Metropolitan Museum of Art, New York

Joshua was the seventh child of Samuel Reynolds, a schoolmaster, and his wife, Teophila Potter. He would have received a sound classical education under his father who had been a fellow at Balliol College, Oxford. Little is known of Reynolds’s life in the west in England before 1740 when he was apprenticed for four years to Thomas Hudson (1701-1779), a mediocre portrait painter from Devon.

After working in London and the West Country, Reynolds departed in 1749 for Italy where he lived for four years. Reynolds returned to England in 1753 to set up a studio. He earned a reputation as an accomplished portrait painter and began to attract the attention of London’s high society. His success enabled him in 1760 to move to Leicester Fields; that year Reynolds sent several portraits to London’s first major public exhibition at the Society of Artists. By then he was scheduling a half-dozen sittings a day, had raised his fees by a multiple of five and counted the Prince of Wales, later George III, among his clients.

Reynolds was appointed the first president of the Royal Academy when that institution was founded in 1768, and he was knighted the following year. On January 2, 1769, when the academy opened, he gave his initial Discourses on Art; with the publication in 1778 of the first seven Discourses, he achieved recognition as a man of letters. He continued to travel, mainly with the purpose of purchasing Old Masters, to Paris in 1768 and 1771, to the Netherlands in 1781, and, in 1785 to Brussels, Antwerp and Ghent. Despite suffering strokes in 1779 and 1782, he was appointed principal painter to George III. In July 1789 he complained of difficulty seeing and by October he had lost the use of his left eye; by the end of the year, he had ceased to paint.

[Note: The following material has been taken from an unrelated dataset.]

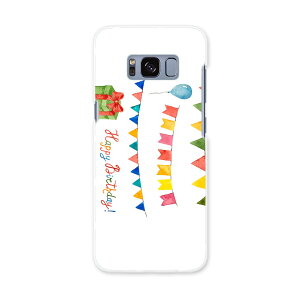 SC-02J Galaxy S8 MNV[ GX GCg sc02j docomo hR X}z Jo[ P[X X}zP[X X}zJo[ PC n[hP[X 015371 a@@v[g@D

This odd and flawed triple portrait is one of Reynolds’s largest pictures. The composition is really awkward since there is no conversation among the men in the painting, neither there is eye contact between them. It looks contrived and therefore, aesthetically unsatisfactory. What should have been a conversation piece turned out to be the portraits of three strangers, two of them sitting at a table and a third one looking at the viewer. The title is also misleading since the main character, who dominates the picture, is Charles Blair and not Henry Fane. The man on the left is Inigo Jones whose Welsh family claimed descent from the famous architect of that name. Jones, who lived in Bristol and at Fulbeck Lodge, was a commissioner for Guadeloupe (an island of the Lesser Antilles captured by the British in 1759) and an old friend of Henry Fane who is seated at the centre in a lavishly embroidered coat and waistcoat.

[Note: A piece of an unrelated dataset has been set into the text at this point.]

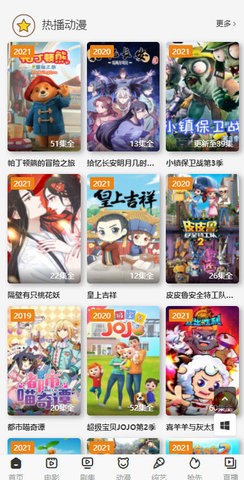 麻豆app官方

Henry Fane was the younger of two sons of Thomas Fane, merchant of Bristol, attorney and MP for Lyme Regis, who succeeded as 8th Earl of Westmorland upon the death of his distant cousin on August 26, 1762. Henry followed his father and elder brother to Parliament for Lyme Regis serving from 1772 until 1802. A clerk in the Treasury from 1757 to 1762, he held the title of Keeper of the King’s Private Roads from 1772.

The standing figure, Charles Blair, was born in the village of Blandford St. Mary, Dorset and married the youngest of Henry Fane’s two sisters, Mary Fane. Blair and Henry Fane died at Fullbeck, in the same house, in the summer of 1802. Blair is dressed informally in a loose red coat, neatly buckled breeches and boots. Mainly because he is standing and occupies so much space, he is usually confused with his brother-in-law.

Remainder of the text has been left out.